The vital priority - reducing demand

  • Any credible plans to achieve 1.5°C or well below 2°C will require a significant reduction in fossil fuel demand
  • Limiting global warming to well below 2°C will be impossible unless emissions from fossil fuel production, processing and combustion in end-uses are reduced to net-zero by around mid-century. This is equivalent to all fossil fuel-producing companies reaching net-zero scope 1, 2 and 3 emissions by mid-century.
  • Without such demand reduction, any constraints on supply will be ineffective and could produce price increases which might have serious socioeconomic impacts and undermine political support for the transition.
  • Delivering such reductions in fossil fuel demand will require strong and ambitious policies enforced globally and across sectors. These policies should reinforce and accelerate the decline in fossil demand already taking place through policies around the world, such as through long-term contracts for renewables, support for electric vehicle uptake, and carbon pricing.
  • Policy and regulation will also have to ensure that enabling infrastructure such as electricity grids, EV charging capacity (including in particular for heavy-duty electric vehicles), and hydrogen and CO2 networks, are built at the pace and scale required.

Scope 1 + 2 emissions

Reducing methane emissions rapidly is particularly important given that methane has accounted for about 30% of all warming since the pre-industrial period and reducing methane emission is the fastest way to moderate temperature increases. There are a wide range of actions which could achieve this, many of which are estimated to entail a low or even negative cost

Call to action

All fossil fuel companies

  • Commit to achieving net-zero scope 1, 2 and 3 emissions by mid-century, including through absolute reduction targets for the production, transportation and use of fossil fuels.
  • Commit to no new exploration to discover new oil and gas basins/fields, nor the development of new coal mining capacity.
  • Commit to reducing scope 1 and 2 emissions from fossil fuel production to best-in-class industry standards by 2030, reaching close-to-zero emissions by then or soon after. “Gold standard” commitments by fossil fuel companies should include: (1) Targets (including interim targets) for the reduction in production of fossil fuels, at least in line with those implied in the ACF, and ideally in line with the PBS, (2) Making clear that divestments and asset sell-offs will not count towards meeting such reduction targets unless the buyer has also committed to gold standards, and (3) Accounting for emissions from non-operated joint ventures (NOJVs) on an equity basis.
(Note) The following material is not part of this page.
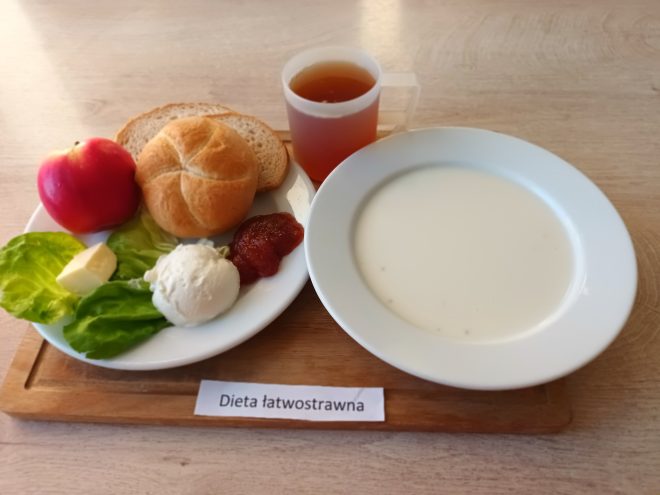 Zestaw śniadaniowy w diecie łatwostrawnej. Na tacy znajduje się talerz z białą zupą mleczną, a obok drugi talerz z pieczywem pszennym (bułką i kromką chleba), twarożkiem, liściem sałaty z masłem, musem owocowym i czerwonym jabłkiem. Do posiłku podano herbatę w przezroczystym kubku z rączką. Taca oznaczona jest napisem „Dieta łatwostrawna”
  • Commit to enforcing policies to reduce fossil fuel consumption.
  • Explicitly reject the idea that all national fossil fuel reserves must be exploited, and commit to no further issuance of new exploration licenses to discover oil or gas fields, nor approve the opening or extension of new coal mining capacity.
  • Introduce targets and penalties to incentivise the reduction of scope 1 and 2 emissions from oil, gas and coal production.
  • Commit to increase mobilisation of investment in clean energy supply in developing economies, including via multilateral development banks.

Financial institutions

  • Stop all financing to new oil and gas exploration, and all financial flows to any new coal mine development, or for capacity expansion of existing mines.
  • Restrict financing of infrastructure and assets which are likely to lock-in fossil fuel use for multiple decades.
  • Restrict financing of any new oil or gas development which would lock-in unneeded long-term supply.
  • Restrict financing of fossil fuel companies to those with strategies in line with our criteria above.
  • Set portfolio-level financed emissions targets (including scope 3 emissions from fossil fuel clients) that decline in line with at least – but ideally exceeding – the level of ambition stated in the accelerated but clear feasible scenario.